# Back in the game-Indian Pass



## kmerr80 (Oct 28, 2013)

Got through the break in the past couple weekends on the new CH so i set up a trip with the old crew from 8 years ago this past weekend now that we could open it up. Let some baskets soak overnight in various spots around St Joe but had nothing by 4am. Luckily some bait guy was sitting at the launch at Indian Pass selling pins out of a washtub. Launched the boat at daylight and headed out with smooth seas and excellent weather to go hit my spots i havent visited in years. Zero current resulted in not much bite till about 10ish when it picked up. Squid and northern mackerel seemed to outdo the live pins. Bounced around and picked up a 4 man snapper limit with a couple gags. Picked up quite a few short red groupers and plenty of record triggers. No sharks and only one flipper run in. Was great to be back out there again, wanted to use the new Garmins to seek out some new spots but had to get back home to the fam. Got interesting at the ramp though. Tide was ripping and boats were bouncing around in the ramp to load. Came my turn and i bounced and busted up the rhoadan…should have went and drank a few beers back of St Vincent till the current slacked, but i got in a hurry. Oh well. Several folks taking videos of all the carnage. I forgot just how bad that pass could be.


----------



## Boat-Dude (Sep 24, 2011)

Hard to beat that, nice report!!!


----------



## MrFish (Aug 21, 2009)

That launch is definitely fun when it's ripping.


----------



## X-Shark (Oct 3, 2007)

> i bounced and busted up the rhoadan


Oh No!


----------



## welldoya (Oct 5, 2007)

That pass can definitely get rough. 
The scariest time I’ve ever had on the water was coming across that pass in a 12’ Sears Jon boat powered by a 1958 Johnson 7.5 hp loaded with hunting gear.
I wasn’t all that smart in 1974.


----------



## kmerr80 (Oct 28, 2013)

Yeh it can be a little tricky.


----------



## kmerr80 (Oct 28, 2013)

X-Shark said:


> Oh No!


Your mounting plate did its job 😬 Gonna have a talk with Rhodan about not using plastic 🤣


----------



## Boat-Dude (Sep 24, 2011)

Ohh crap I just got that. How bad was it?


----------



## Catchemall (May 8, 2018)

Nice mess of fish! Never used an electric knife.


----------



## kmerr80 (Oct 28, 2013)

Catchemall said:


> Nice mess of fish! Never used an electric knife.
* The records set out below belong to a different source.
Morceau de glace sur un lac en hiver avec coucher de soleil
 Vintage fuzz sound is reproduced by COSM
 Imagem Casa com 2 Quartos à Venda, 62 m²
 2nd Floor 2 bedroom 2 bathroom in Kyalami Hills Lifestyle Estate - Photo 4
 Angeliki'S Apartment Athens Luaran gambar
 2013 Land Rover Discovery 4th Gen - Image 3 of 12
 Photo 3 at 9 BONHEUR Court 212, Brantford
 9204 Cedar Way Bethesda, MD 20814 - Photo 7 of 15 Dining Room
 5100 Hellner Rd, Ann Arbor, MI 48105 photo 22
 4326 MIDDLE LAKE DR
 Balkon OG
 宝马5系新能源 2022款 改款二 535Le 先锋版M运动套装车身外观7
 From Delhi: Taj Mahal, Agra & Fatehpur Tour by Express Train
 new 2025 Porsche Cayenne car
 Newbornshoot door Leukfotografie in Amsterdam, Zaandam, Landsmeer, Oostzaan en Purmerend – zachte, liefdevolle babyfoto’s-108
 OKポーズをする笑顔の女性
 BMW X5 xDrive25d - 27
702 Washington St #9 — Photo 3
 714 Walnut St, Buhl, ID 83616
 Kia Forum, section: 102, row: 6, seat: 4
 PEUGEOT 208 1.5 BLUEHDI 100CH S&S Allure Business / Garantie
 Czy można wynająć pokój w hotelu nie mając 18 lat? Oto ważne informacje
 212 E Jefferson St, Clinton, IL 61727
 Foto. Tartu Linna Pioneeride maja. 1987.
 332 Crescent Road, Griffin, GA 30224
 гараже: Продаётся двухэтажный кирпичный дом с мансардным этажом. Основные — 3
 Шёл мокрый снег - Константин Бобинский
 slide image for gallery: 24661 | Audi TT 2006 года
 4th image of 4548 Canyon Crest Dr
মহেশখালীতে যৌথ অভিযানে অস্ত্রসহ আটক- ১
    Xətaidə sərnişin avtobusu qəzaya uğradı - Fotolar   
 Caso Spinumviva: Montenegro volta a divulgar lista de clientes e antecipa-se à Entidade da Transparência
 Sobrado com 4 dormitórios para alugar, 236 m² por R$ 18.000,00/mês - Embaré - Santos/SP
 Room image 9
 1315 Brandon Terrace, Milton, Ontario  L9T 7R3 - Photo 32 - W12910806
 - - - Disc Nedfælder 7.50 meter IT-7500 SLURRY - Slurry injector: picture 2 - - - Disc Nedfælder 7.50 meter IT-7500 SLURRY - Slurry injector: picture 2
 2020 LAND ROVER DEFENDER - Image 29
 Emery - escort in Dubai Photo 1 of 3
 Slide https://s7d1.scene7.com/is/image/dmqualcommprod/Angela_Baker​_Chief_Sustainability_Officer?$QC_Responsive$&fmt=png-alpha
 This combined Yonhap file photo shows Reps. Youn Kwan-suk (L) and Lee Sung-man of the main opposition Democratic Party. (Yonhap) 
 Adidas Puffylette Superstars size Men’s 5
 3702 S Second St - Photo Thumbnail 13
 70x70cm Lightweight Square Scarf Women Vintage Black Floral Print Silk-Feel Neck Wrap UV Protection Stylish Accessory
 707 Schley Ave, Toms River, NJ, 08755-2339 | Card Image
Me neither. I was on boat detail. It wont be used again on my catch


----------



## kmerr80 (Oct 28, 2013)

Boat-Dude said:


> Ohh crap I just got that. How bad was it?


----------



## Catchemall (May 8, 2018)

Ouch!


----------



## Boat-Dude (Sep 24, 2011)

Damn dude, that makes me sick to look at. See if they can sent you a housing and just use the guts if you can.


----------



## kmerr80 (Oct 28, 2013)

Boat-Dude said:


> Damn dude, that makes me sick to look at. See if they can sent you a housing and just use the guts if you can.


Yes i sent them an email today, they replied shortly after requesting detailed pics and would proceed from there. Will post updates for future reference should anybody decide to do the same.


----------



## X-Shark (Oct 3, 2007)

Damn! I thought the skeg was alum. ?


----------



## kmerr80 (Oct 28, 2013)

Sent numerous pictures of damage to Rhodan, within 10 minutes they gave me a list of parts/pricing/instructions ready to ship.


----------